- [Raw data]

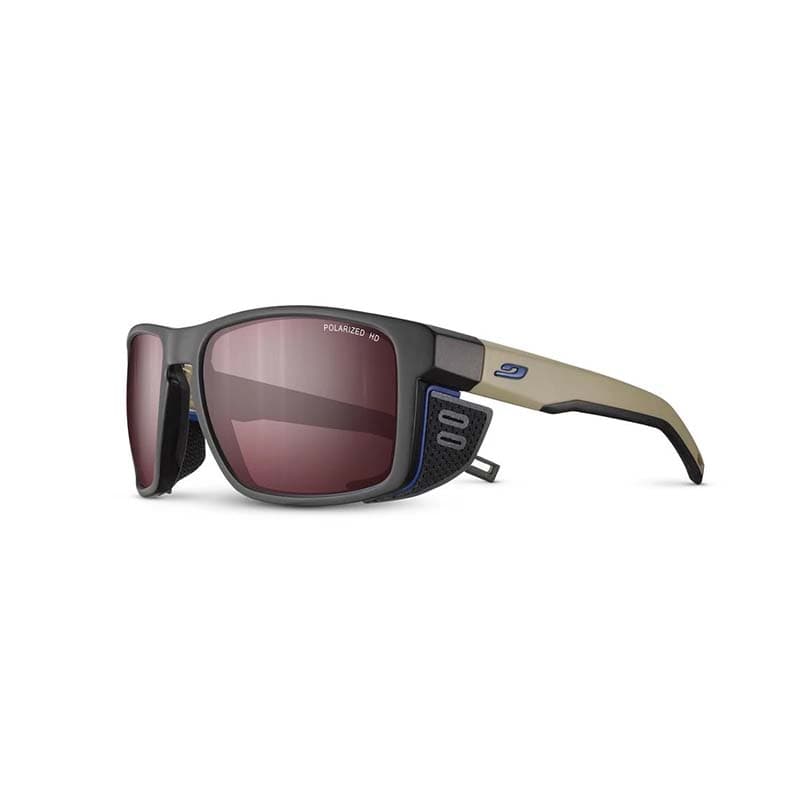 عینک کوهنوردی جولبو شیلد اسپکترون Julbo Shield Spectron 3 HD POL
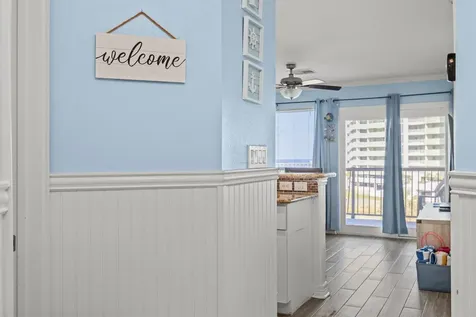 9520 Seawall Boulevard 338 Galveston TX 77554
--
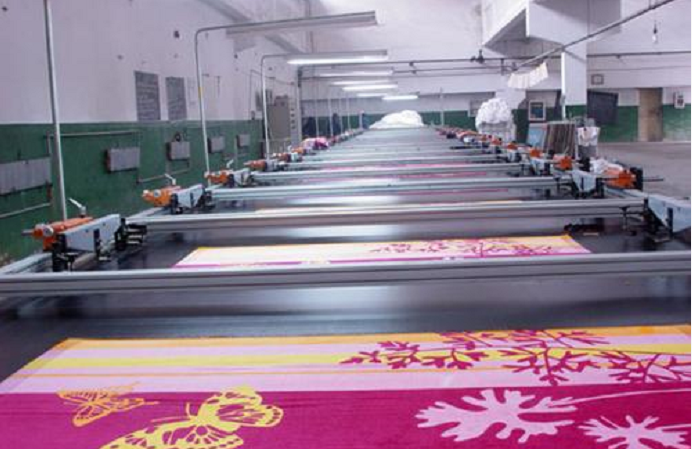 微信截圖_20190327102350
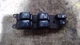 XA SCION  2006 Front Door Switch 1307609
==
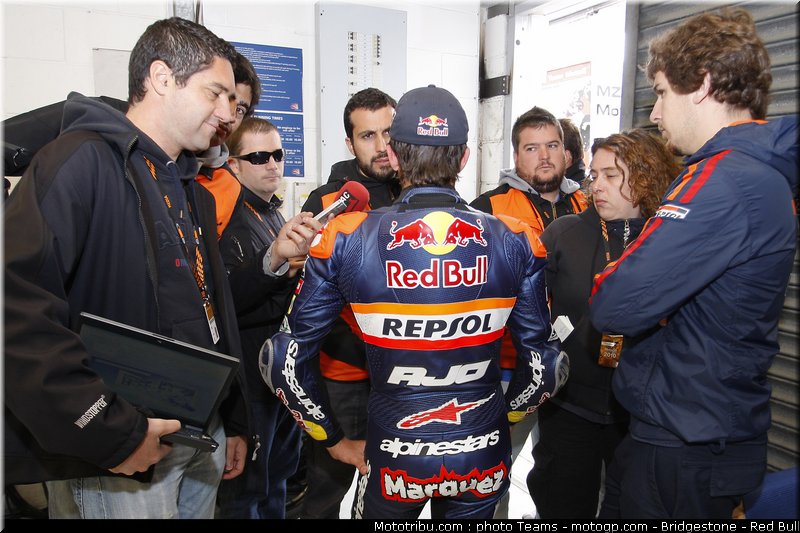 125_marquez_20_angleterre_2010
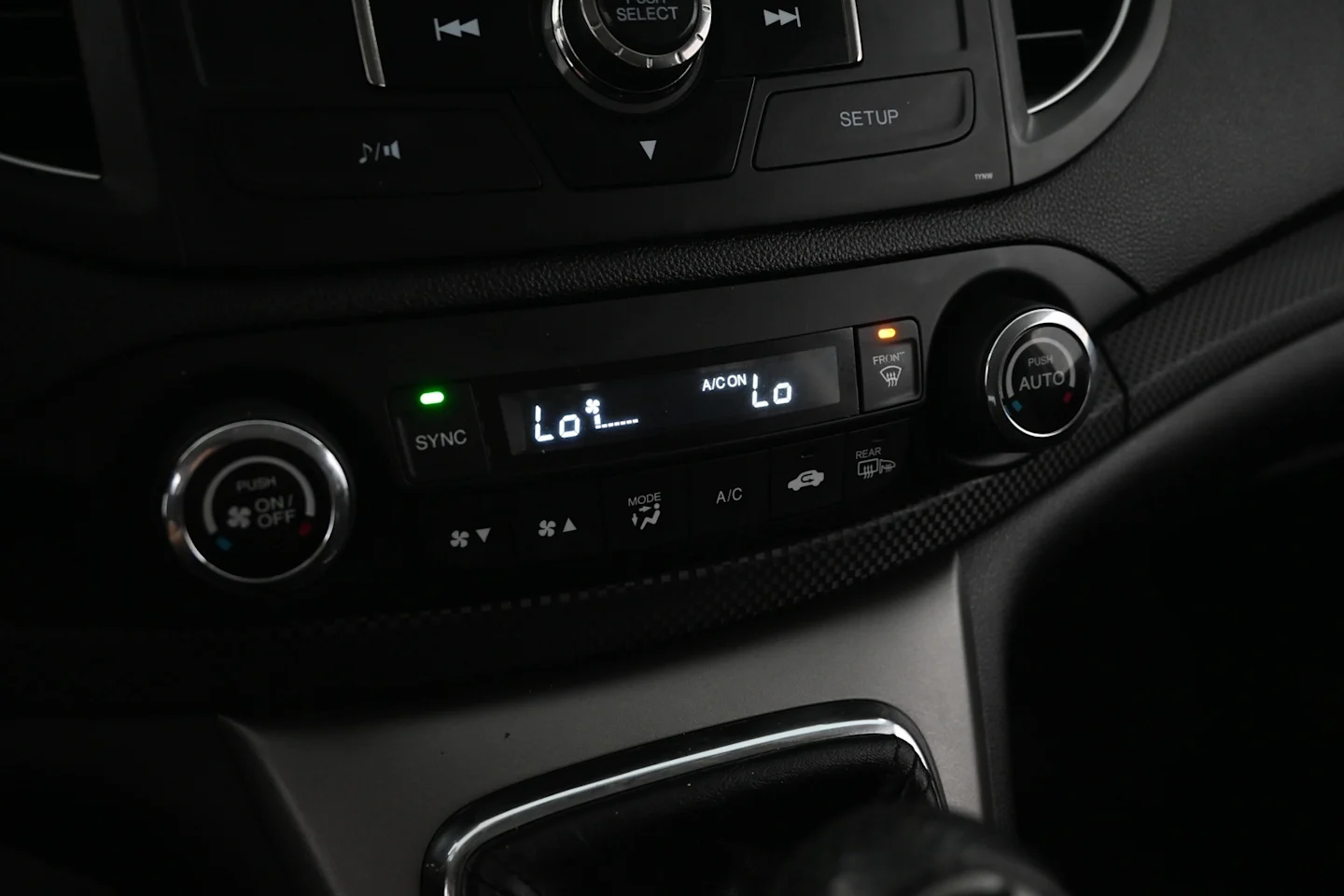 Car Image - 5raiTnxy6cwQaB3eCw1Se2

- [Exercise description]
Set down again, word for word, every line from the one with "عینک کوهنوردی جولبو" to the one with "9520 Seawall Boulevard" in the entries above, and omit the pictures.

- [Written response]
 عینک کوهنوردی جولبو شیلد اسپکترون Julbo Shield Spectron 3 HD POL
 9520 Seawall Boulevard 338 Galveston TX 77554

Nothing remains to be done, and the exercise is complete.